Fortunately, the Ottomans only painted over the old mosaics. The massive medallions with arabic script were added in the nineteenth century.

The original mosaics were uncovered when Ataturk made the building a museum.

Nothing brings back great travel memories like a video of a mosaic.

I can now understand why every Ottoman architect built mosques vaguely reminiscent of this building.

 

Sinan spent his whole life trying to top this building. I don't think he was ever able to do it, and it must have been incredibly painful for him to live in this city, and see Hagia Sophia every day.

If I had seen nothing else on my trip to Istanbul, this would have made it worth it.

"Look, kids! Another mosaic!" The exit is on the opposite wall of this passage. A mirror was conveniently positioned over the exit door to remind visitors to look back, lest they miss this last mosaic.

Those of you who know me well will know that this is my worst nightmare: a disgruntled clown, smoking a cigarette.
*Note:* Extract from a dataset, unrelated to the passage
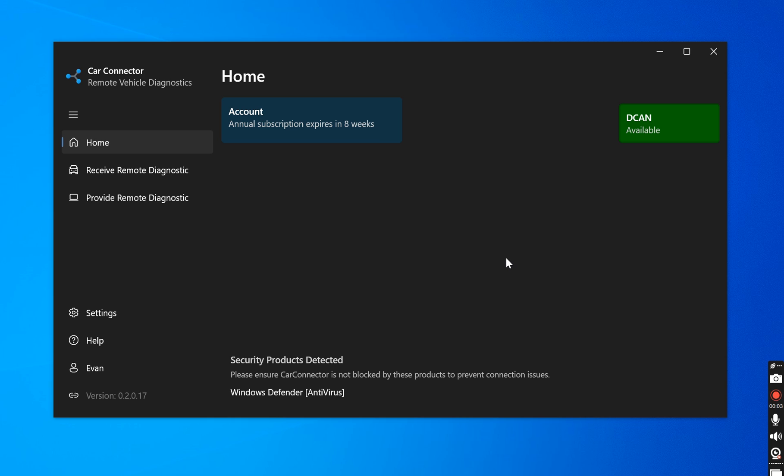Hey everyone, in today's video we are going to show you how we are able to remotely diagnose your car, program your car, and code your car using an amazing tool called Car Connector Remote Vehicle Diagnostics.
I had to close my eyes as I snapped this picture.

My friend and I grabbed a beer at a rooftop restaurant with a view.

Meze: couscous, an eggplant dish, and some local anchovies (not salty).

The next course: these were stuffed with meat, and were covered with a yogurt sauce.

Local calimari

Fresh sardines. These were ridiculously delicious.

The streets in this neighborhood are filled with tables. This was the view from our ours.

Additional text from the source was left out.